With each update the amps sounded better- more detailed, smoother sound, etc. Ultimately I pushed them to a P-P design and the improvement over the SET version was dramatic! I think they can be improved further, but its been convincing enough that I just play them for the most part.
Phil (213cobra)
You raise an interesting point, the quality of the output transformer and power supply are so critical to what you'll hear with a SET.Get those done to a high standard and sit back and enjoy. Compromise with those aspects and you will never know the full potential of this type of amplifier. It's true for all topologies but seems more so for the SET.
>>This is something that should not happen with a DHT p-p design.<<

Yup. Assuming push-pull class A. But what about Class AB p-p designs using triode power tubes, or for that matter p-p voltage amplification sections using small signal triodes. A push pull design *can* forego notch grunge but not every designer elects to.

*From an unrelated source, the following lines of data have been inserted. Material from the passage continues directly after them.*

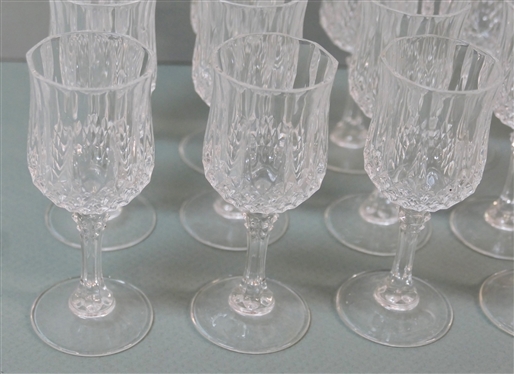 12 Cristal D'' Arques Longchamps Cordials - 4 3/4 Tall 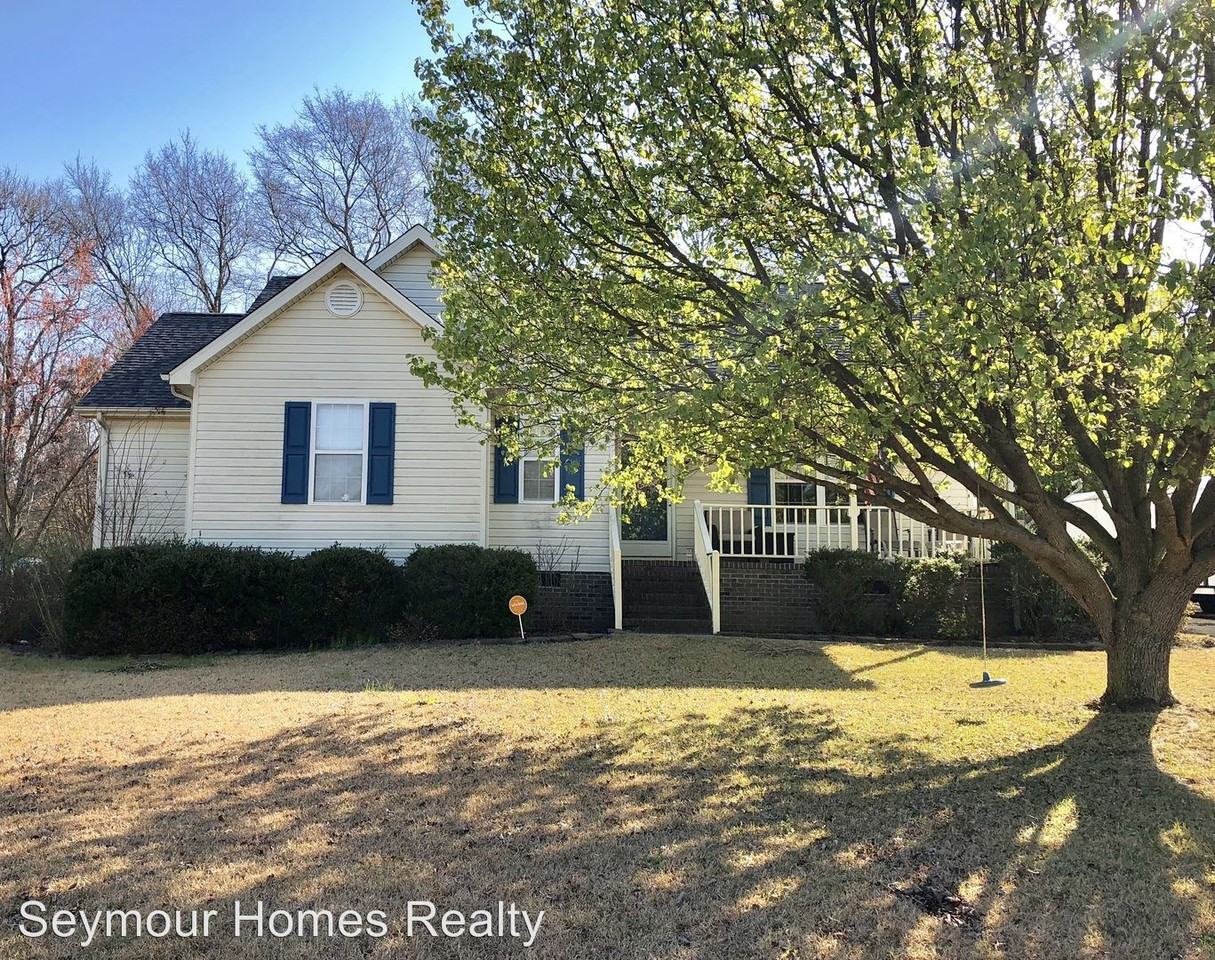 204 Twin Creeks Drive - Photo 2 of 21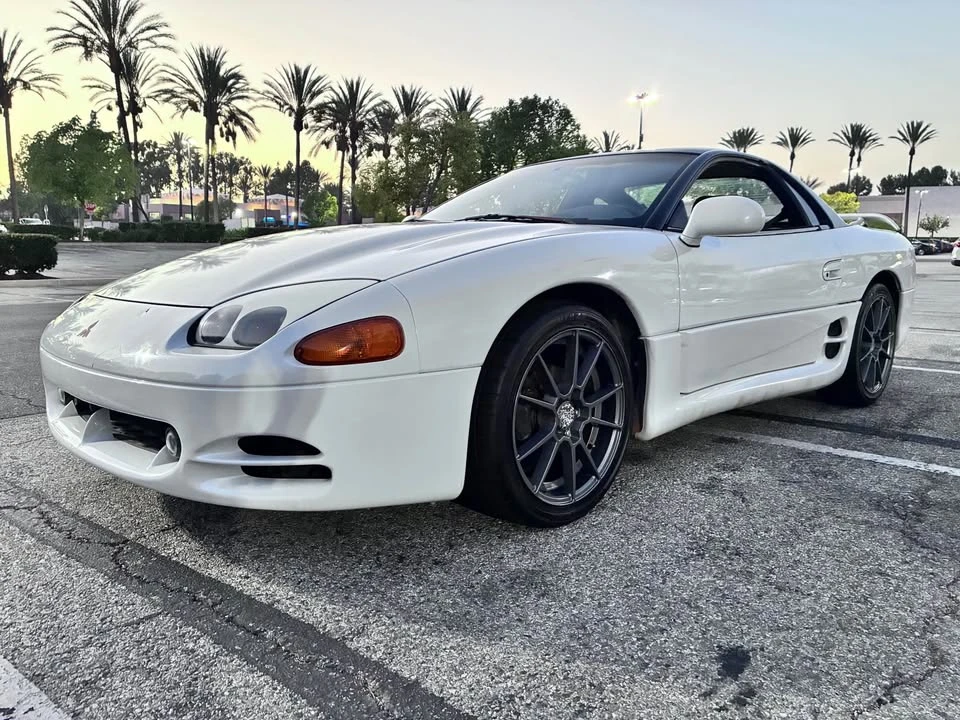 1995 Mitsubishi 3000GT Series 2 - Image 4 of 15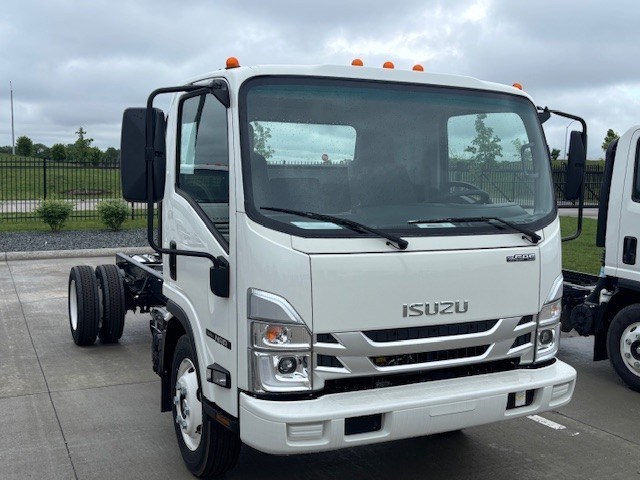2025 Isuzu NRR Cab and Chassis - image 4
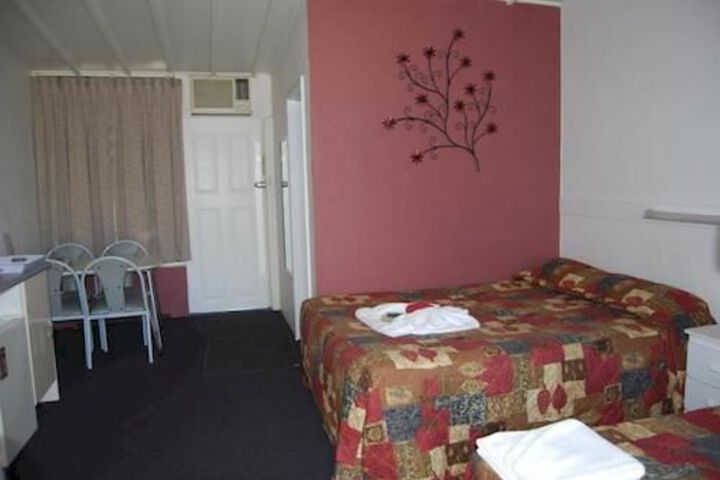 Room 5 of 21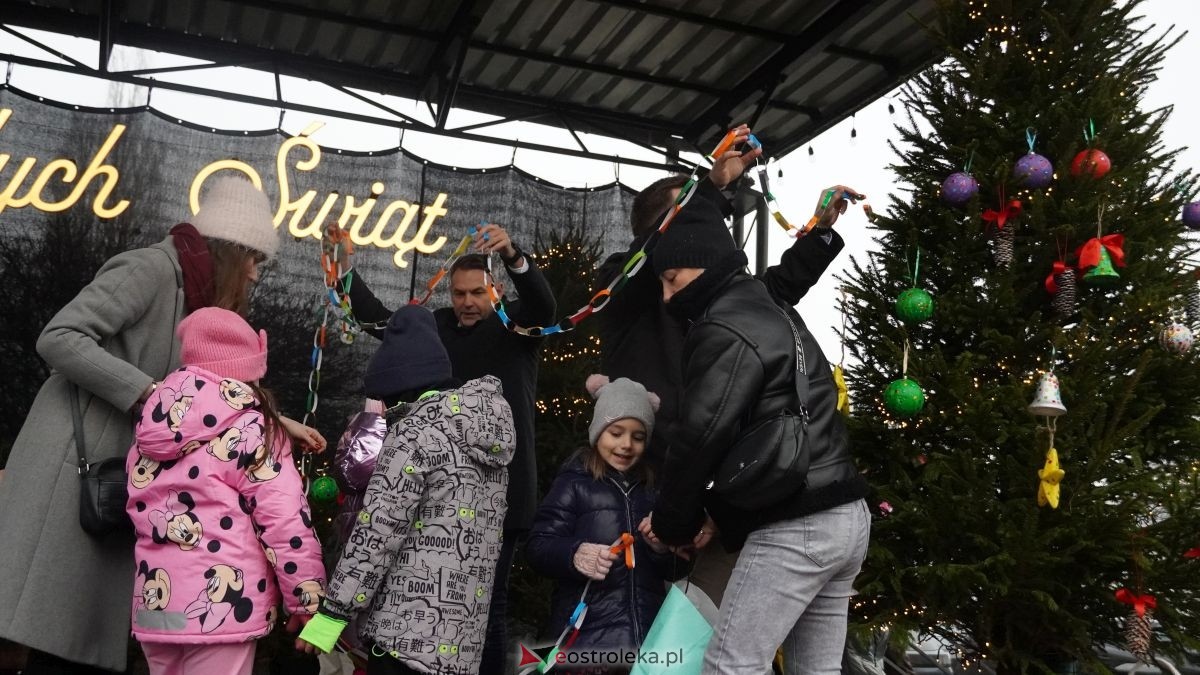 Miejska choinka na Placu Wolności już ubrana. W akcji pomogli najmłodsi ostrołęczanie! [19.12.2025] - zdjęcie #50 - eOstroleka.pl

DeHavilland made a 75w triode push-pull amp built around a pair of 572 tubes. It was confusingly described as "100% pure Class A A/B." We see today an increasing number of push-pull triode amps with power ratings well above what could be expected from Class A push-pull and one of the effects is that they sound like Class AB amps and sometimes like Class AB amps that use tetrodes or pentodes. What's good for guitar amps (biasing AB toward B for sparkle) doesn't always benefit hifi.

Phil
Phil, even if you run class AB1, you still don't run the risk of any crossover artifact, since at lower power levels where the crossover artifact might occur, the tubes are in the A region.

What I have found is this is more a problem relating to solid state than tubes, on account of how the output transistors are biased. In tubes, in only seems to show up if there is a malfunction or design defect.

IMO this is a very common myth! However, that is not to say that an SET does not have certain desirable qualities. Chief amoungst them is the ability to have distortion linearly drop to zero as power is decreased. This is where SETs get their 'inner detail' they are known so well for.

Most phase inverters in P-P designs introduce their own kind of harmonic distortion (having nothing to do though with crossover distortions). It is this additional harmonic distortion that causes P-P amps to often have increasing distortion below a certain low power level. It can be designed out by avoiding the use of stand-alone phase splitter circuits- by instead integrating the phase splitter function right into the voltage amplifier stage. This eliminates the need for a separate circuit and the less signal process the better (IMO). Traditionally the best way to do this is with a differential amplifier for the voltage amp.